Fría y desolada tarde de invierno. Fin de semana largo. Salí a dar una vuelta en auto, camino a las Sierras de Ascochinga. Quería volver por la ruta del Cuadrado.
Al pasar por Río Ceballos, más precisamente por Villa Los Altos, recordé que en una de esas callecitas solitarias vivían unos tíos que hacía más de treinta años no veía.
Yo tendría ocho o nueve años, cuando mi padre me llevó al lugar. Fue la última vez que estuve allí.
Mis padres y tíos conversaban preocupados sobre política. Mi primo Eduardo, que el año anterior había ingresado a la facultad de Filosofía, estaba involucrado con la cuestión social y temían por él. Más tarde, las botas y atropellos se hicieron sentir.
Tío Remigio: morocho, corpulento, de mirada cariñosa, siempre me regalaba golosinas. Tía Carmen, de finos modales y buena anfitriona. Cada vez que íbamos a visitarla nos invitaba con riquísimas tortas.
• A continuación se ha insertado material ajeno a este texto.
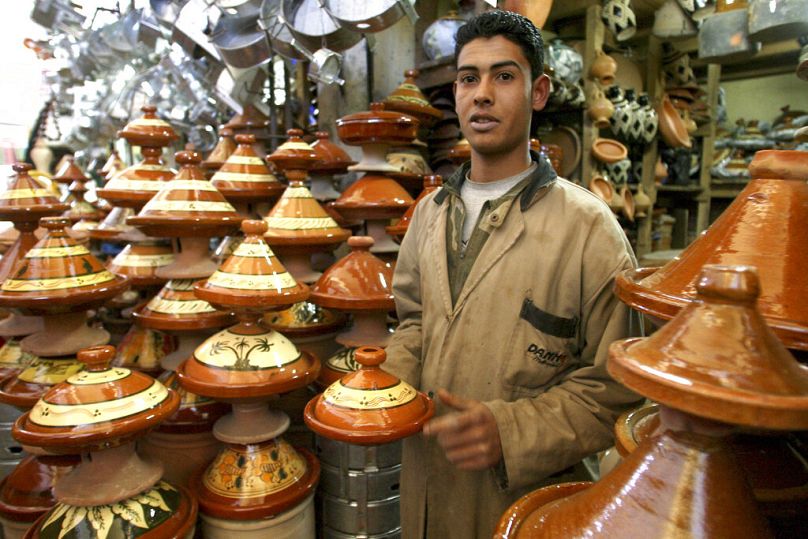  بائع يقف بين أواني الفخار في الدار البيضاء في المغرب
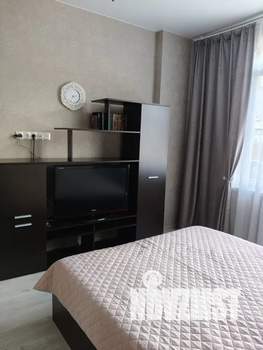 1-к квартира, посуточно, 40м2, 7/7 этаж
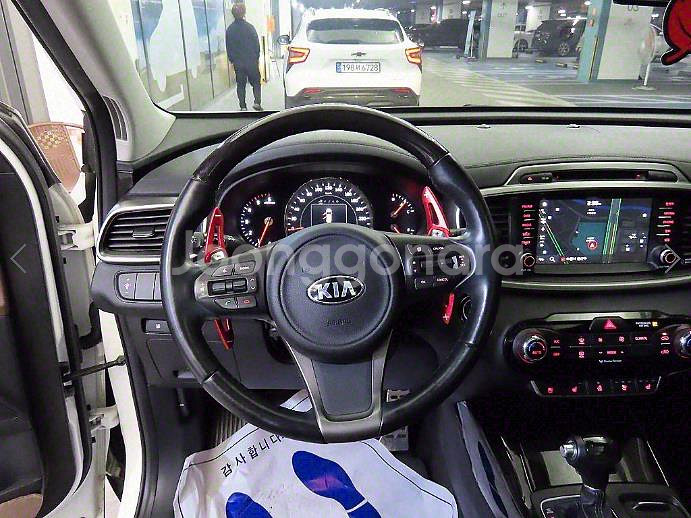@16년식 올 뉴쏘렌토 R2.0 2WD 노블레스 스페--7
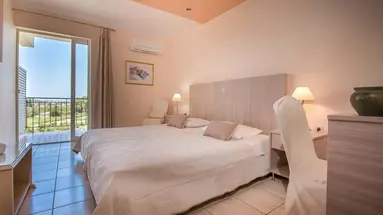 Varres Hotel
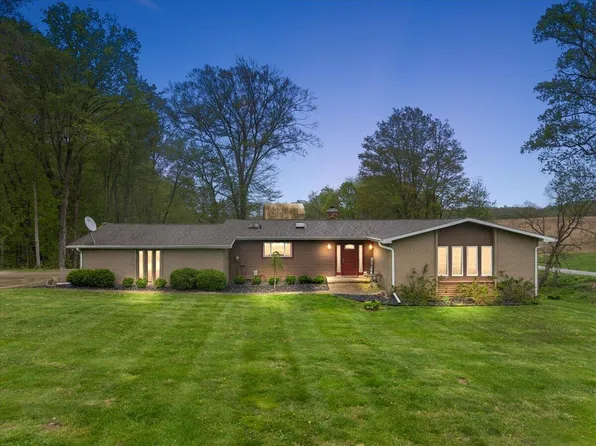 8467 Pucker St, Berrien Center, MI 49102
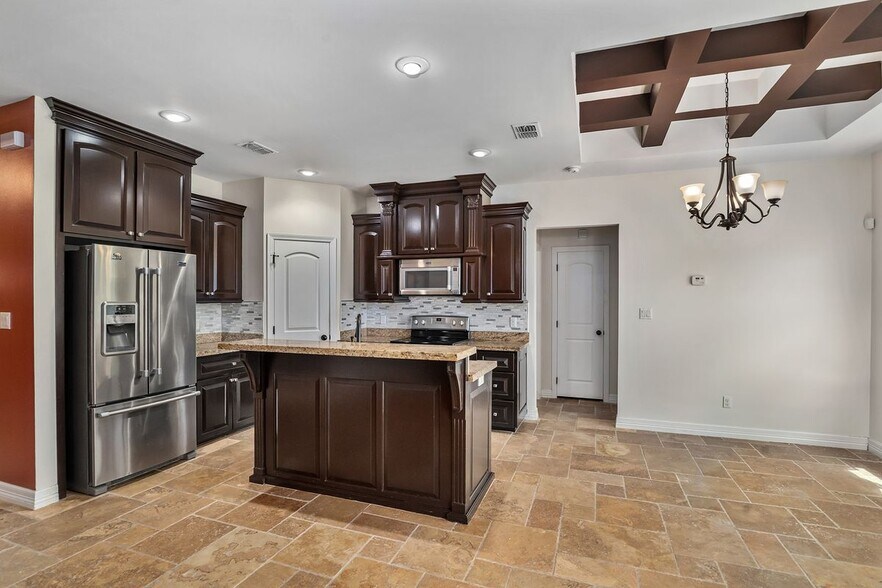 Building Photo - 6707 S Rios St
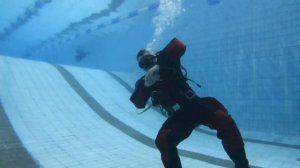 Дети на глубине с аквалангом без маски. Обучение дайвингу. Курс сухого гидрокостюма.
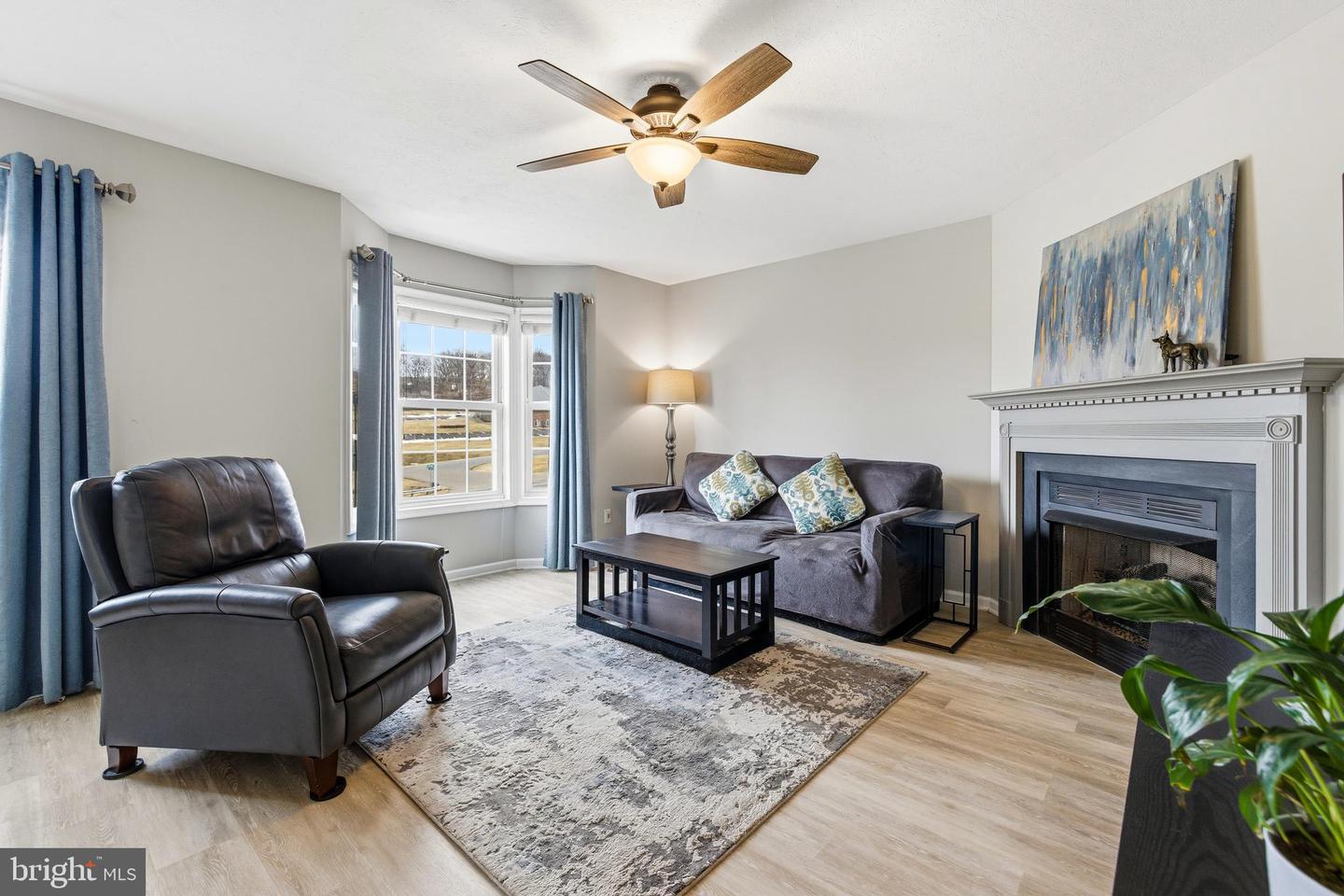 2341 VIRGINIA AVE, HARRISONBURG, Virginia 22802, 3 Bedrooms Bedrooms, 11 Rooms Rooms,2 BathroomsBathrooms,Residential,For sale,2341 VIRGINIA AVE,VAHC2000558 MLS # VAHC2000558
La tristura de la tarde de invierno, con su alfombra de hojas secas invitaba a los afectos. Sumando la reciente ruptura con mi novia, después de cuatro años, la nostalgia de mi infancia imperturbable; decían que ése era el momento de rastrear la casa.
Ignoraba, después de tantos años, con quién me encontraría, ni siquiera si aún residían en el mismo lugar. No conocía tampoco, por qué ellos se habían aislado del resto de la familia. Como en aquella época era sólo un niño, no me inquietó el problema. En estas cavilaciones buscaba la calle que me llevaría a casa de mis tíos. No fue fácil, edificaciones nuevas, árboles crecidos. Me sentí un poco desorientado con el nuevo paisaje.
Al llegar a la casita, toqué la campana de bronce, y su repicar sonó a lamento. Esperé. Al rato, salió una jovencita alta, de figura espigada, ojos grises y largos cabellos lacios. Con su sonrisa deslumbrante me dejó confundido. Pensé: ya no están aquí. Consulté si vivía allí la familia Quinteros. La respuesta de Alicia, que así se llama la joven nieta de mis tíos, fue afirmativa. Me presenté y después me preguntó qué necesitaba. Luego aparecieron dos ancianos: Tío Remigio, aquel hombre jovial, elegante, hoy camina con la cabeza baja y cierta dificultad en la motricidad. Sus manos tiemblan. Emocionado con el encuentro me abrazó. Tía Carmen preguntó qué quería y por qué estaba allí. Su pelo encanecido y desarreglado, mirada lejana, repetía las preguntas. Me di cuenta de que había perdido la memoria. Alicia, en un apartado, mientras preparaba el té me explicó que ella se fue a vivir allí porque ellos estaban muy enfermos.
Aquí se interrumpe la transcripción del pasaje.